YOUR GOAL:
Please restate word for word the lines of the entries below from the one with "Flat Idler Pulley" to the one with "Comedor de Piso en venta en Ermua", inclusive, and leave out every picture.

INPUT MATERIAL:
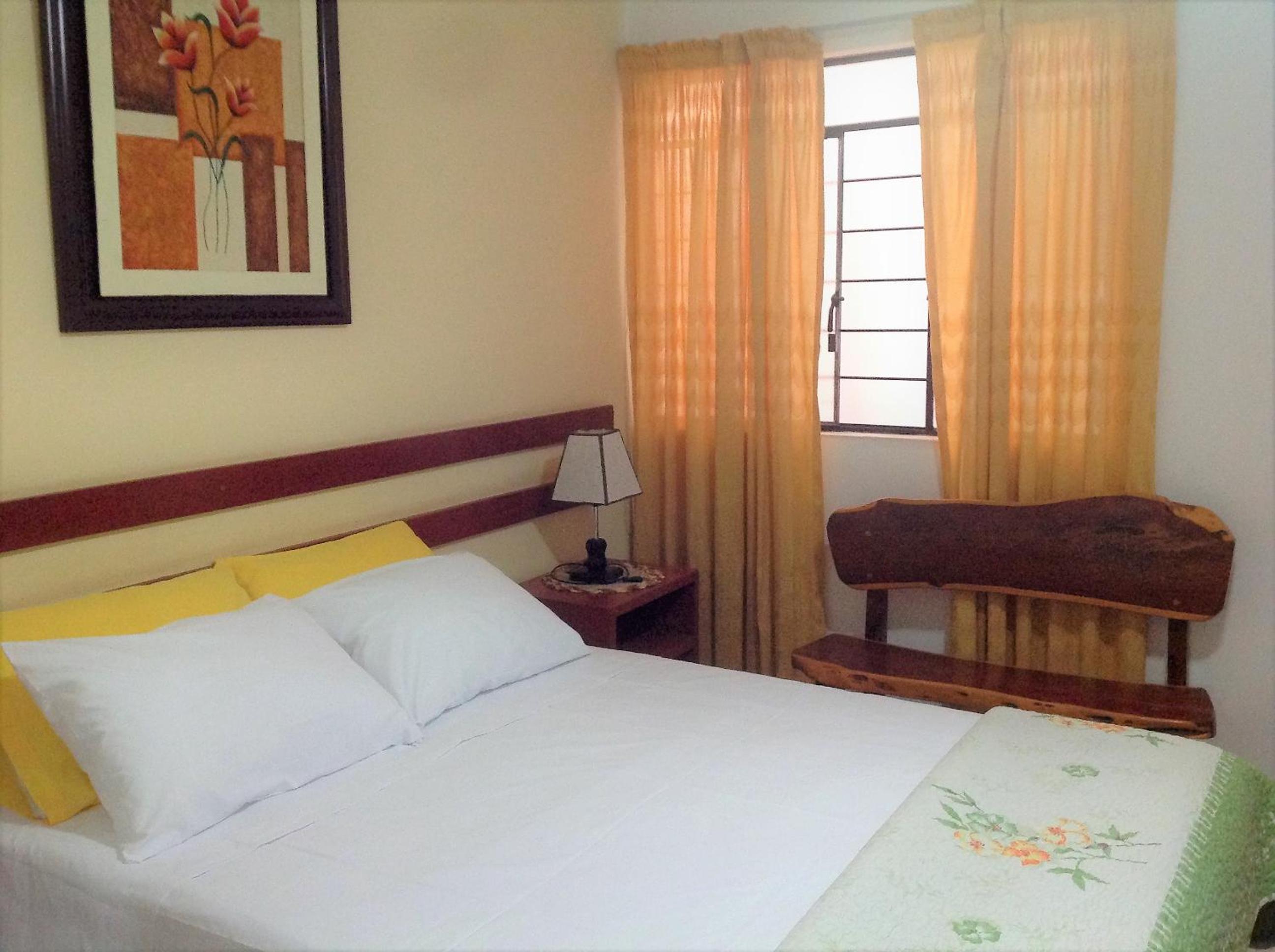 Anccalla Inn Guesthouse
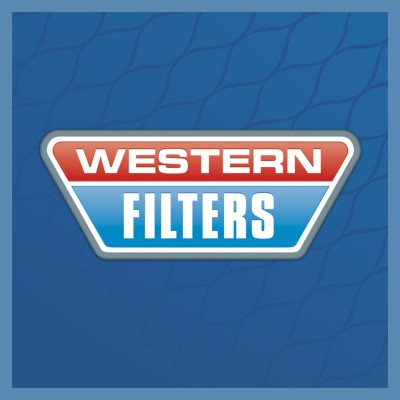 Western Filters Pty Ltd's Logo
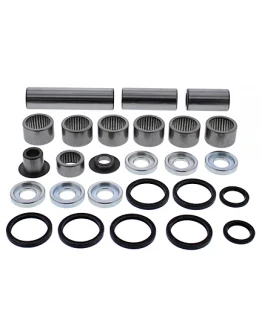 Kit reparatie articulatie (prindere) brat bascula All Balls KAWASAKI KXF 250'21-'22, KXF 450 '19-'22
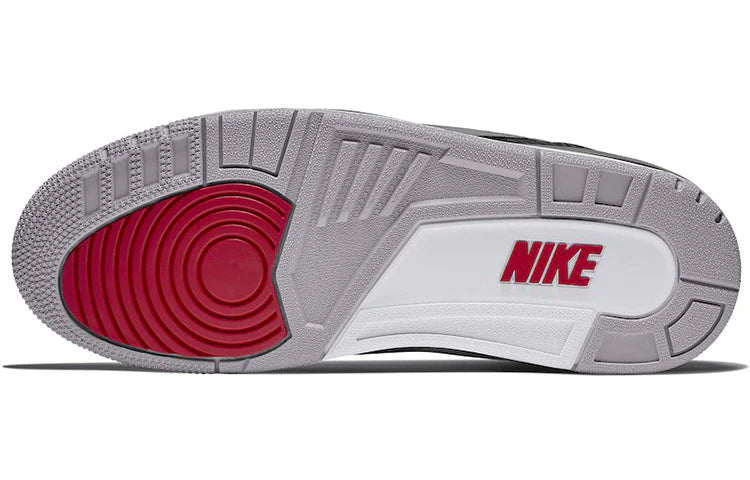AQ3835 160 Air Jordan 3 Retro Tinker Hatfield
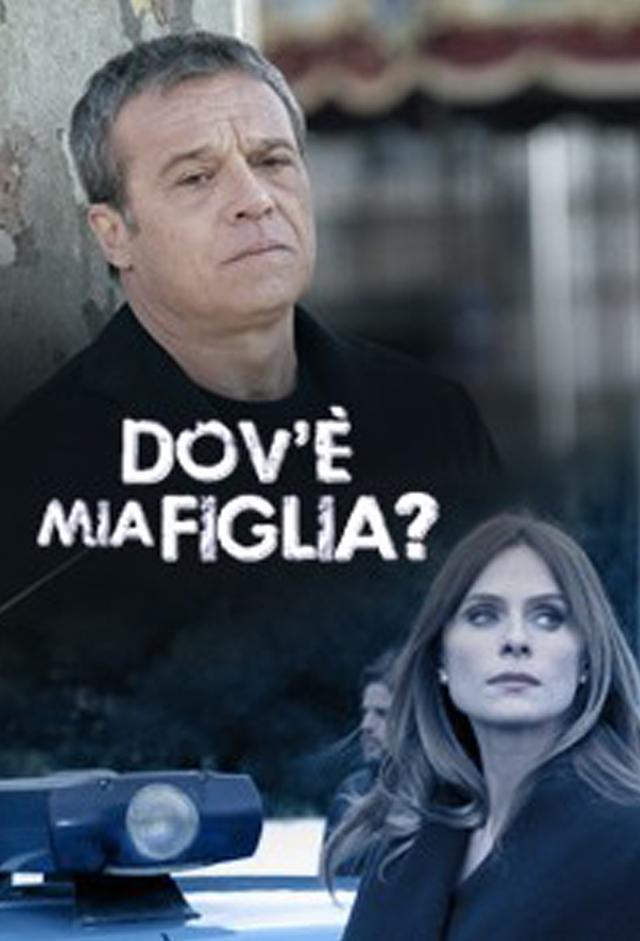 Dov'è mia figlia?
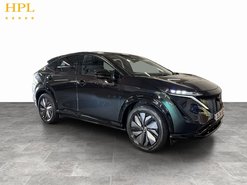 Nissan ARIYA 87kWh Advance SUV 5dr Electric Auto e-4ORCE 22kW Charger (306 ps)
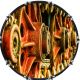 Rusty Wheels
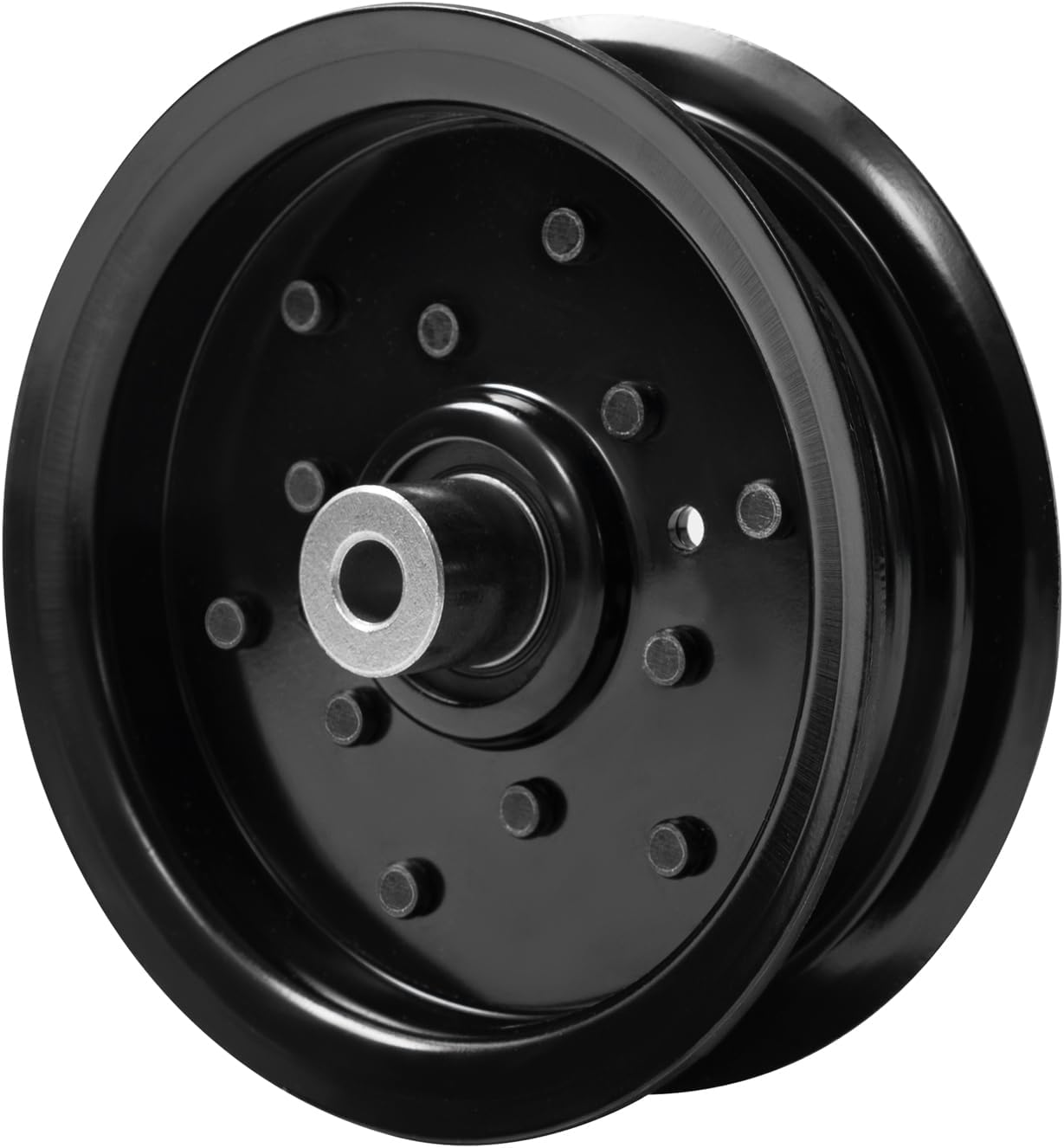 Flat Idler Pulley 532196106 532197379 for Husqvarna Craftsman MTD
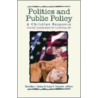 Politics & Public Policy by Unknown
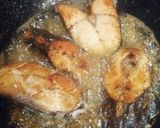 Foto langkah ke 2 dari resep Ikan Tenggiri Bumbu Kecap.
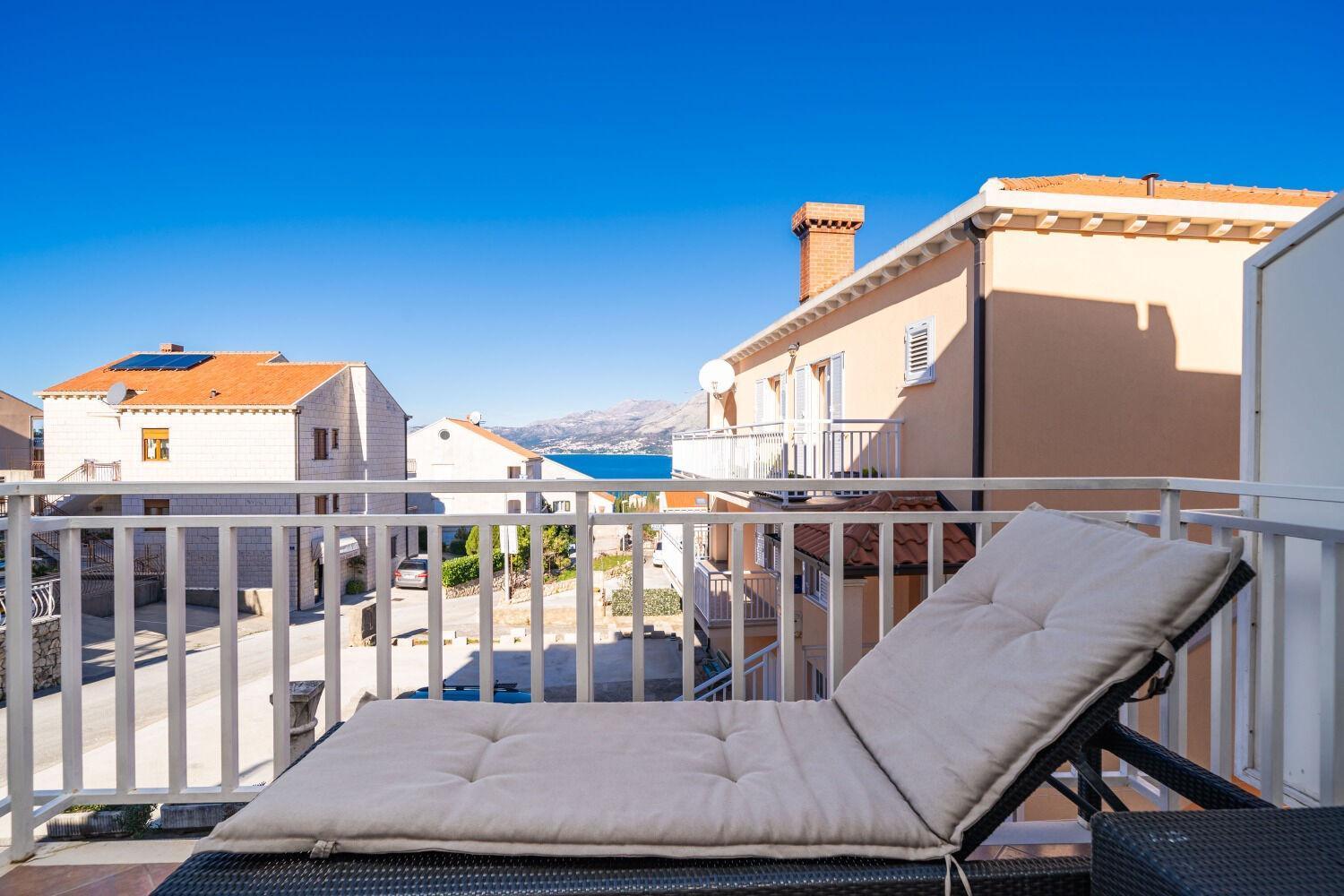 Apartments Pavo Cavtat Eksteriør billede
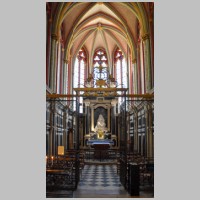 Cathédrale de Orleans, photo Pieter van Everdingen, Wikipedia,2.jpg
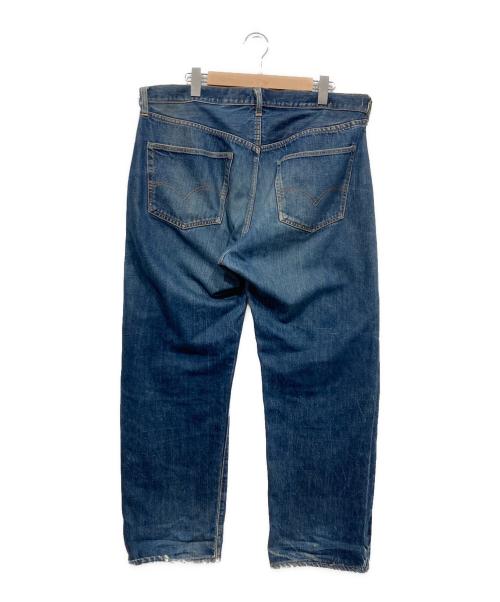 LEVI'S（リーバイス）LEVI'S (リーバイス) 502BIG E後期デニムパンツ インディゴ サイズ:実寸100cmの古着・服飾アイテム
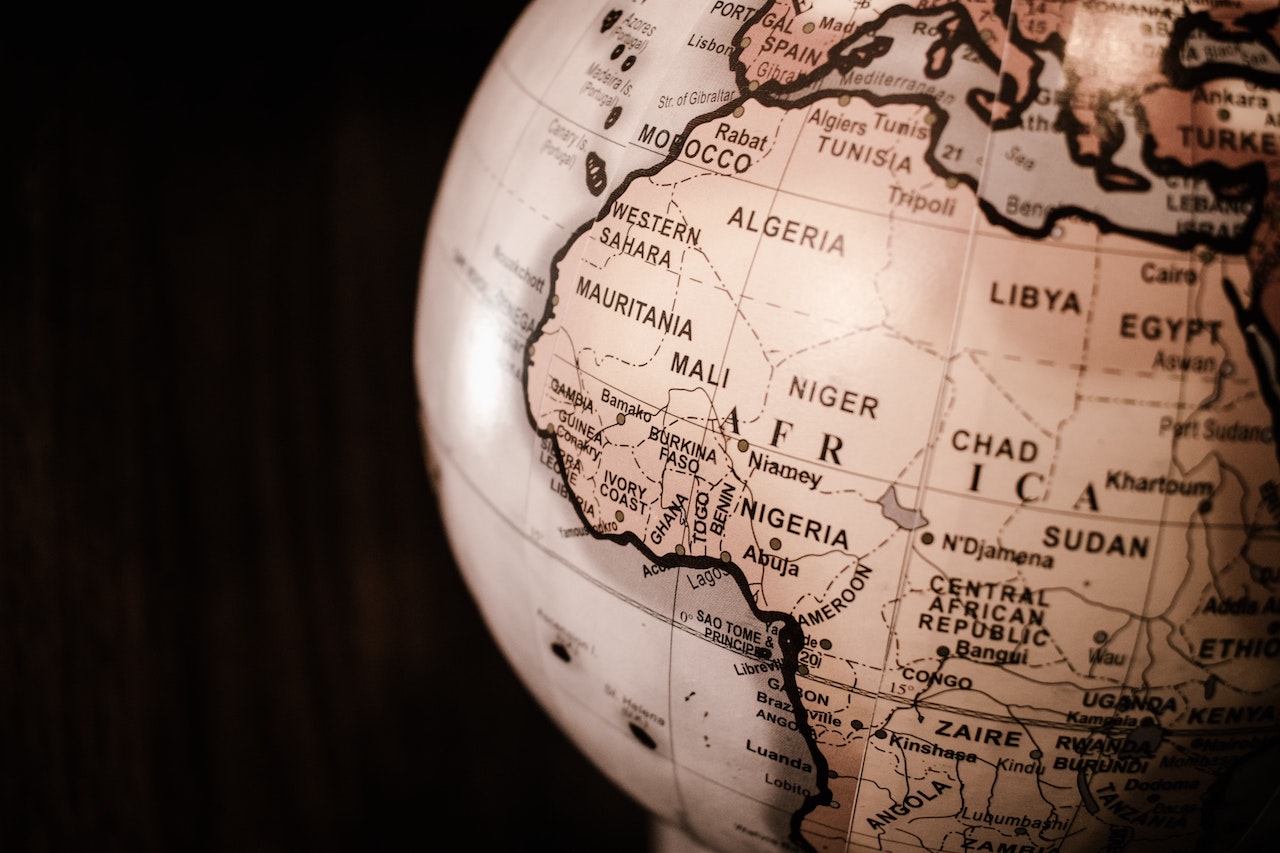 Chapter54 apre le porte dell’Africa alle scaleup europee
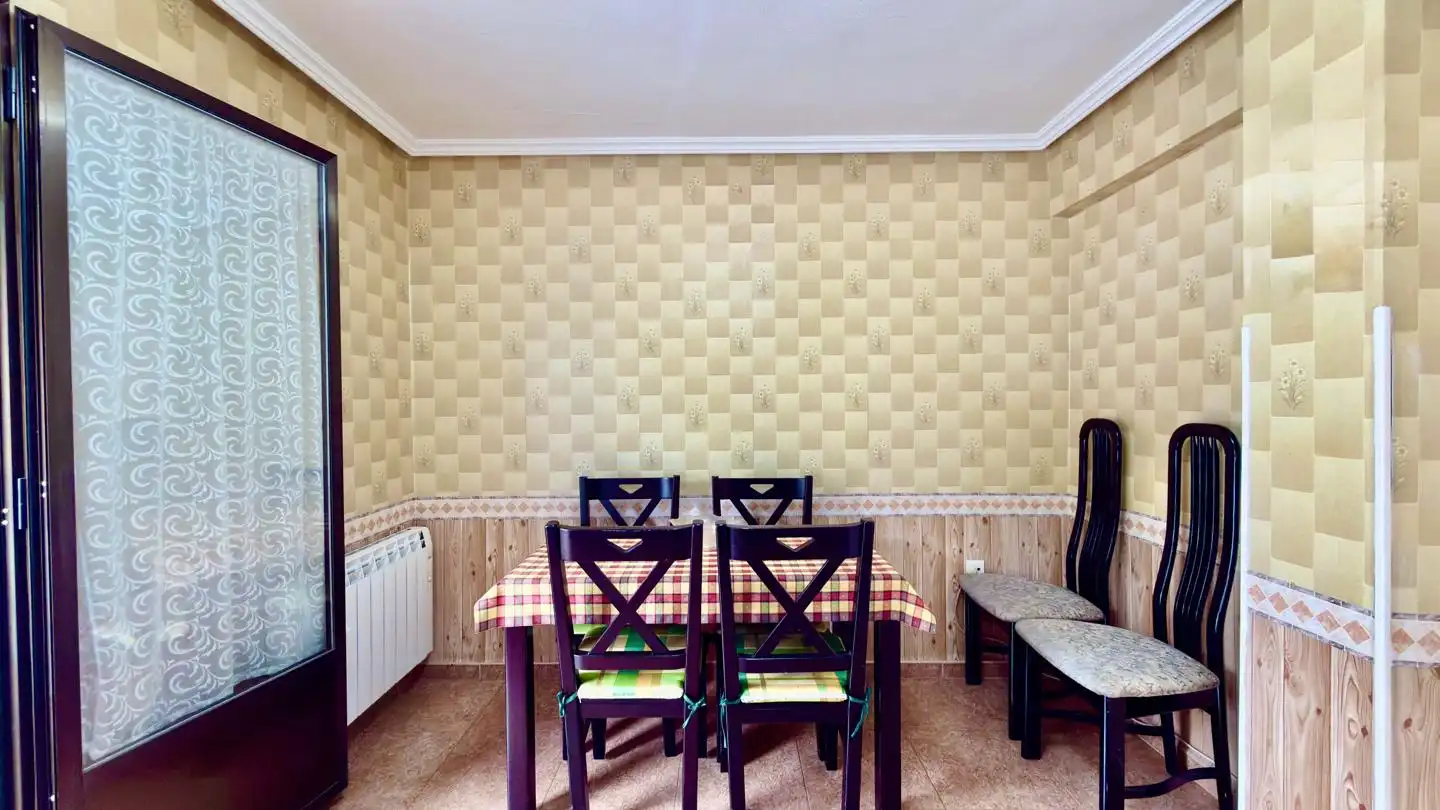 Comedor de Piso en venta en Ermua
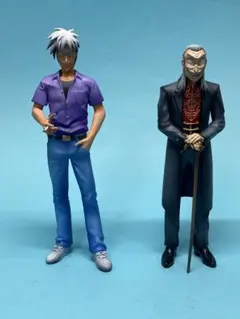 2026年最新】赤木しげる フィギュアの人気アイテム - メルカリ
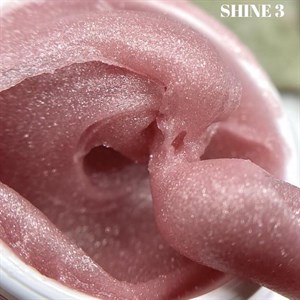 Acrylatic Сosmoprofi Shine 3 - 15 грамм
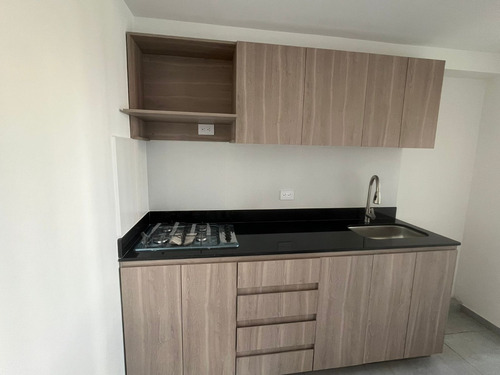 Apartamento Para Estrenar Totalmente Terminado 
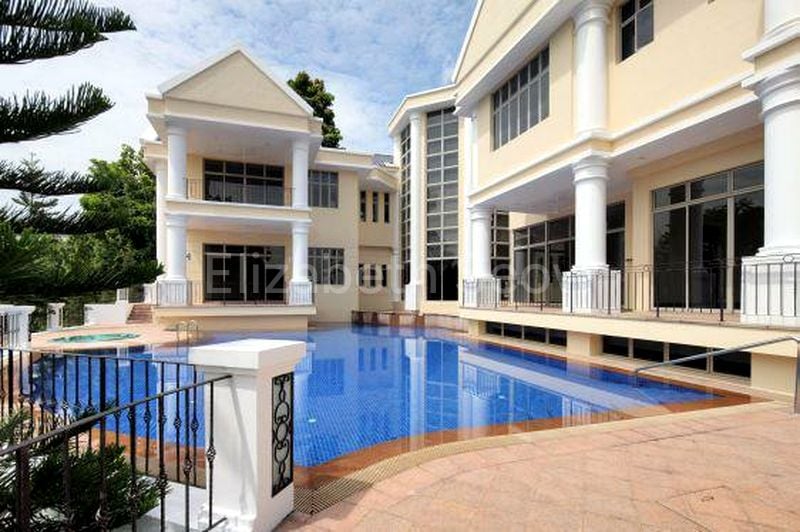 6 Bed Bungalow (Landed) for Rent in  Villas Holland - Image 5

OUTPUT OF THE TASK:
 Flat Idler Pulley 532196106 532197379 for Husqvarna Craftsman MTD
 Politics & Public Policy by Unknown
 Foto langkah ke 2 dari resep Ikan Tenggiri Bumbu Kecap.
 Apartments Pavo Cavtat Eksteriør billede
 Cathédrale de Orleans, photo Pieter van Everdingen, Wikipedia,2.jpg
 LEVI'S（リーバイス）LEVI'S (リーバイス) 502BIG E後期デニムパンツ インディゴ サイズ:実寸100cmの古着・服飾アイテム
 Chapter54 apre le porte dell’Africa alle scaleup europee
 Comedor de Piso en venta en Ermua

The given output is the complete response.